Saint Louis, Mo. — Leaders in the City of Saint Louis will have a new minimum wage proposal to weigh at their meeting today after a larger measure was stopped in its tracks a few weeks ago.

Originally, Mayor Francis Slay and Alderman Shane Cohn were backing a proposal for an immediate increase to a $10 per hour minimum wage that would gradually increase to $15 an hour by 2020. But yesterday Slay announced a more modest proposal that would increase the wage gradually to an $11 an hour rate by 2020.

If approved as written by the city’s Board of Alderman, minimum wage in St. Louis would immediately jump to $7.95 an hour, with gradual increases every year until 2020.

“When I started this campaign, I promised that we would listen to all sides, we would do our homework, and we would come up with a proposal that was fair to workers without putting their jobs or our economy in jeopardy,” Slay said in a statement. “We think this new proposal accomplishes that.”

Slay’s new proposal comes after he and Cohn faced what has become the typical pushback against proposed minimum wage increases: business community opposition.

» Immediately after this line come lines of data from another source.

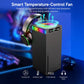 Black cooling fan tower with rainbow RGB top vent and side ambient light bar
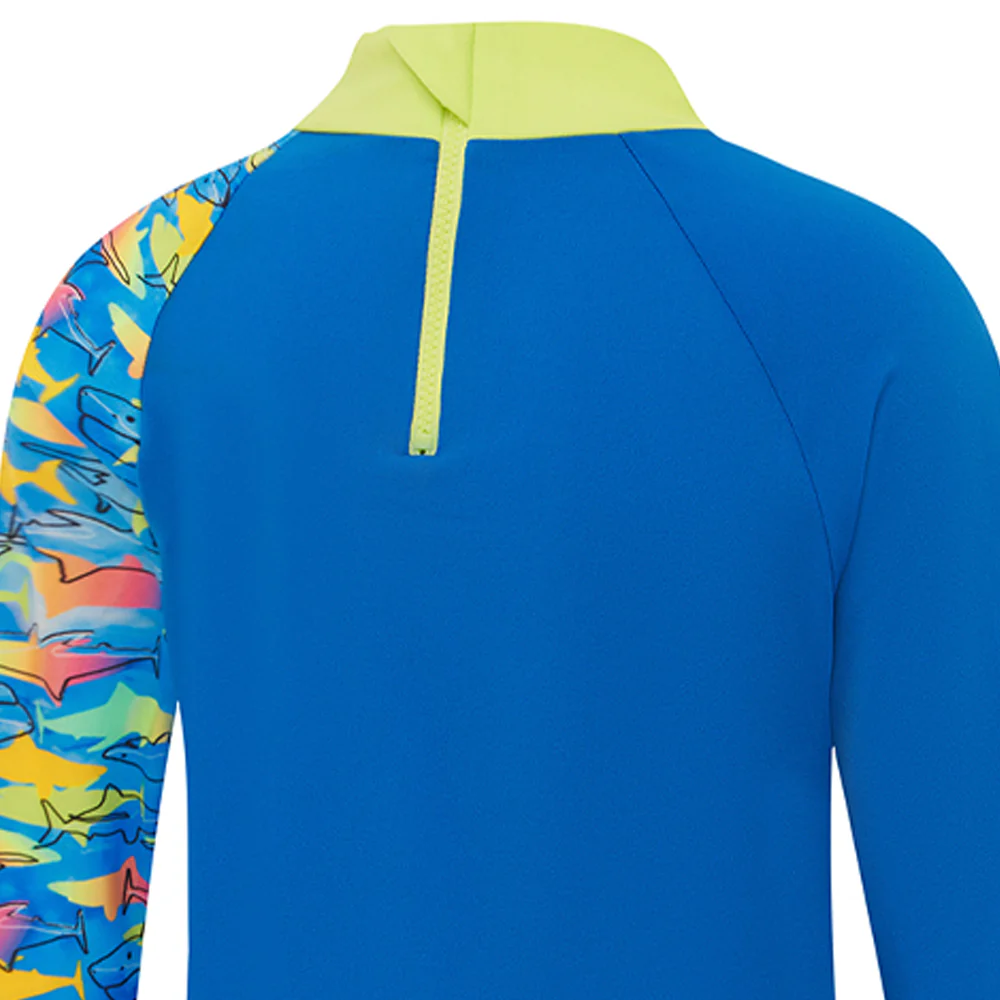 SPEEDO Under The Sea Long Sleeve Boys Rashguard - Blue - 2 YEARS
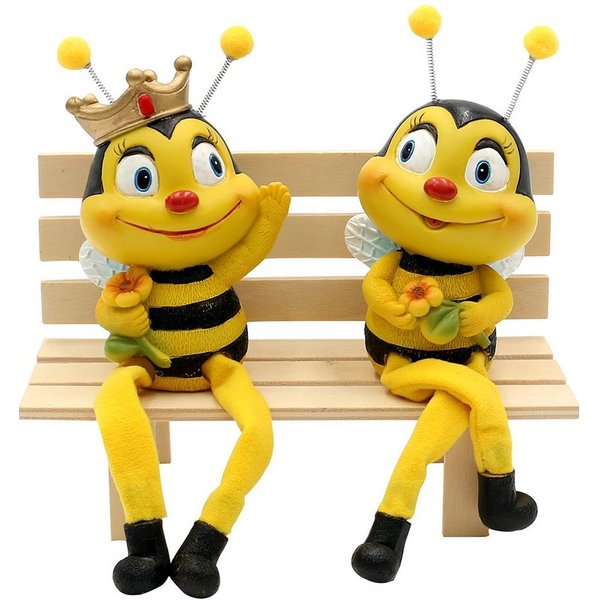 Dekohelden24 Gartenfigur Dekofigur Kantenhocker Bienen-Bienenpaar mit Blume, 2er Set, Polyresin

Slay said the new proposal represented only a 0.1 percent increase in overall city payroll.

“We want people to work hard and not be dependent on government assistance.  So, we should reward hard work,” Slay said.  “It is ridiculous and it just isn’t right that a parent working full time for the minimum wage has to raise his or her children in poverty. Ideally, the federal government and state government would have addressed this issue by now. But, they haven’t. So, we’re forced to do so. I do hope that business leaders who were legitimately concerned about us doing this by ourselves will strongly support a statewide increase in the minimum wage. I know I will be.”

Supporters of the increase will now scramble to get the proposal out of committee and on the path to a full vote before the end of August. Earlier this year, the Missouri legislature approved a bill — that Gov. Jay Nixon has yet to sign or veto — that would prohibit any municipality from raising their minimum wage standard above state levels after August 28, 2015.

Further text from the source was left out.